Who would prevail? Hollingworth was young and ambitious. His pointed nose, thin lips and narrow eyes gave the impression that he was more than capable of ruthlessness; and, indeed, he would demonstrate that quality in abundance in due course. Meanwhile, Rabagliati had already shown a killer instinct in battle, and age hadn’t diminished the competitive edge he brought to everything he did.
The contest between SIS and SOE was well and truly under way. It would turn deadly before very long.
C
OLONEL RABAGLIATI SAT DOWN with Tommy in his hotel one day and worked out a plan of action for the pilot’s return to Denmark. It would be something to hold on to during his darkest, loneliest moments as a British agent, a rulebook to be followed from the moment he first set foot on home soil. The early days would be the most dangerous. With that in mind, Tommy soon knew precisely whom he should and should not contact, and what his objectives were.
Sabotage or any open defiance of the Germans was out of the question. The Lake Tissoe plan, to pick up the twenty other Danish pilots, was similarly dismissed. The British wanted high-grade, regular intelligence about troop and ship movements, political and technological developments, defenses, changes in German officer personnel, or in the civilian attitude towards the Germans; anything, in fact, that might be useful to the Allies. Sneum was given a new series of numbered codes, pertaining to each type of ship, its class and size, to simplify the dangerous job of transmitting back to Britain when the time came. He learned them under the watchful eye of MI6 instructors, whose job it was to ensure that he committed everything to memory.
The training course was held in a mansion called the House of Anna in West Dulwich, London, a white Georgian building with a mock-Greek façade. Tommy remembered:
The training was a scream. The British were trying to teach me the command structure of the German hierarchy. They produced detailed sketches of what they described as the latest uniforms of the Germans in Denmark. But I knew the uniforms had changed some months earlier.

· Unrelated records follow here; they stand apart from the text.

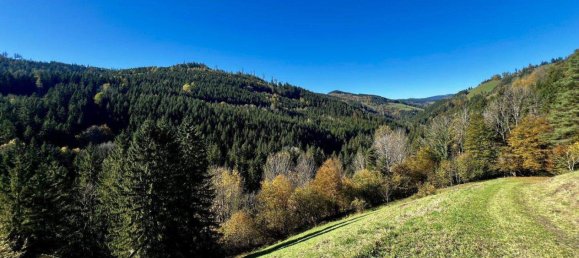 3-salle Maison à Kainach bei Voitsberg, Austria No. 221204 12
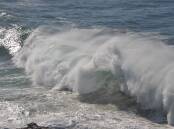 Powerful swells off the Macquarie Coast. Photo: Ruby Pascoe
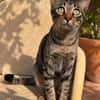 anhänglicher Rex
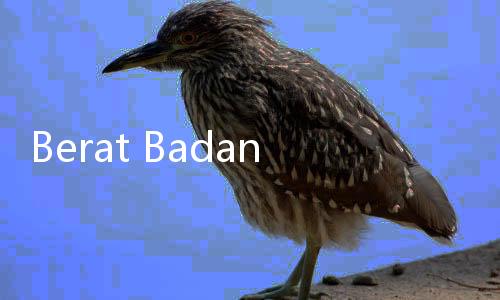 Berat Badan Anak Naik Tiba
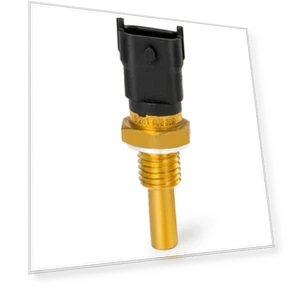 Temperature Sensor Switch — Air Bag, Skyfree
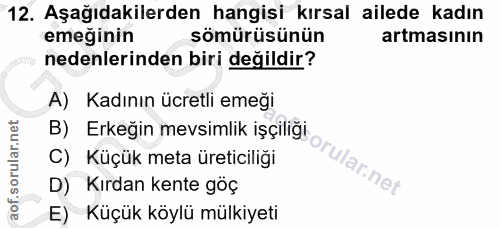 12. soru: Aşağıdakilerden hangisi kırsal ailede kadın emeğinin sömürüsünün artmasının nedenlerinden biri değildir? A) Kadının ü…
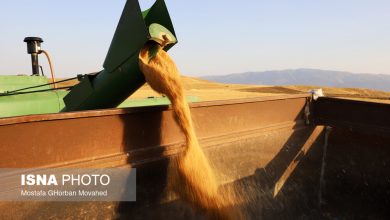 تخلیه و حمل یکسره گندم از کشتی با قطار / , , , ,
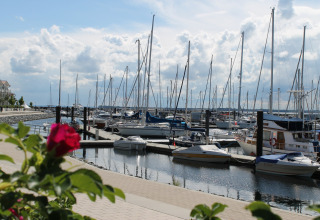 Een rode roos in bloei op de voorgrond, een jachthaven met zeilboten en bewolkte lucht in Duitsland.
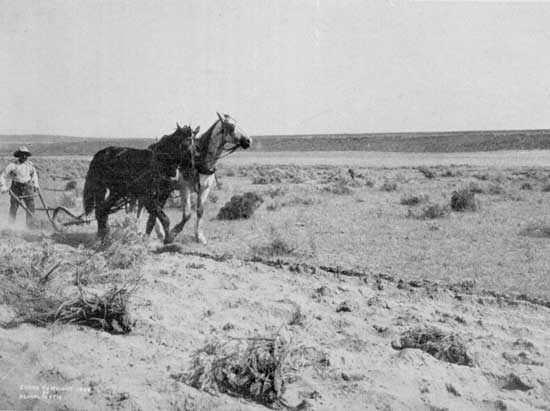 Irrigation—"First, parched lands of sage; then the flow"
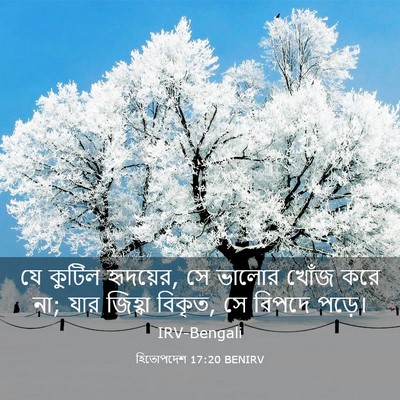 Picture 03 - হিতোপদেশ 17:20 BENIRV - যে কুটিল হৃদয়ের, - Bible Verse Picture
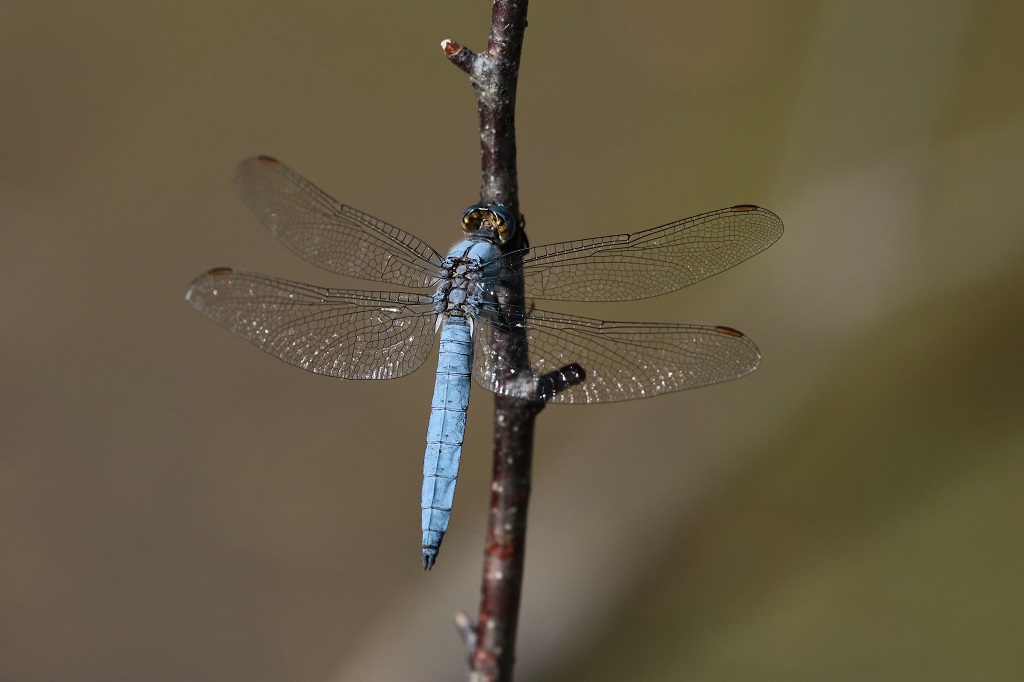 12 IMG_BRUNN.jpg
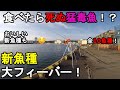 【千葉県勝浦市】秋の外房調査釣行！11月上旬に房総半島の太平洋側にある釣り場で釣りしてみたら見たことない魚種が連発して新魚種フィーバーに…！そしてあの超猛毒を持つ魚が…！【2021.11.02】
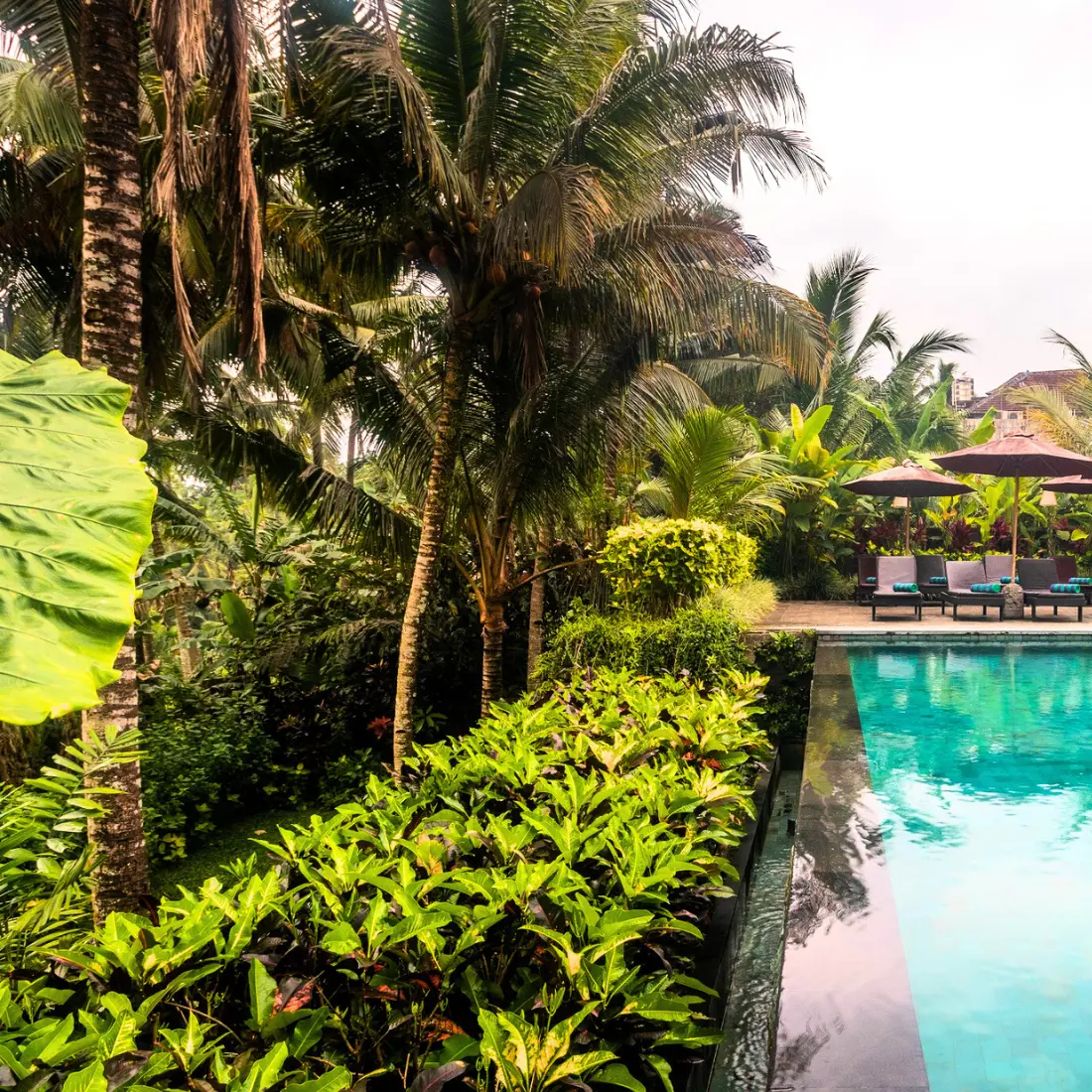 Pertiwi Bisma website 2025 cropped 006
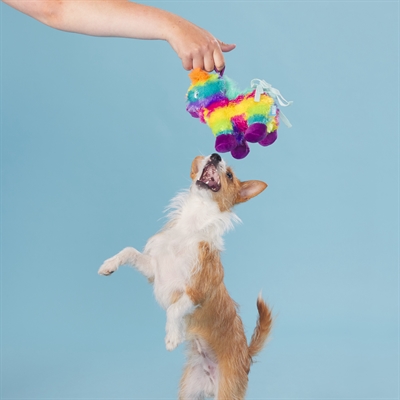 BARK Full O Fluff Pinata Birthday pluche hondenspeelgoed pluche met pieper 22x13x23 cm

I said, ‘It’s a good thing I’ve brought a copy of the
German Soldiers’ Handbook
over with me.’ Each soldier had this book as part of his basic kit and it was about an inch thick, showing all the exact, up-to-date uniforms and precisely how they should be worn, and weapon requirements in the tiniest detail. What amazed me was that the British didn’t even know this book existed. I think I must have brought them their first copy.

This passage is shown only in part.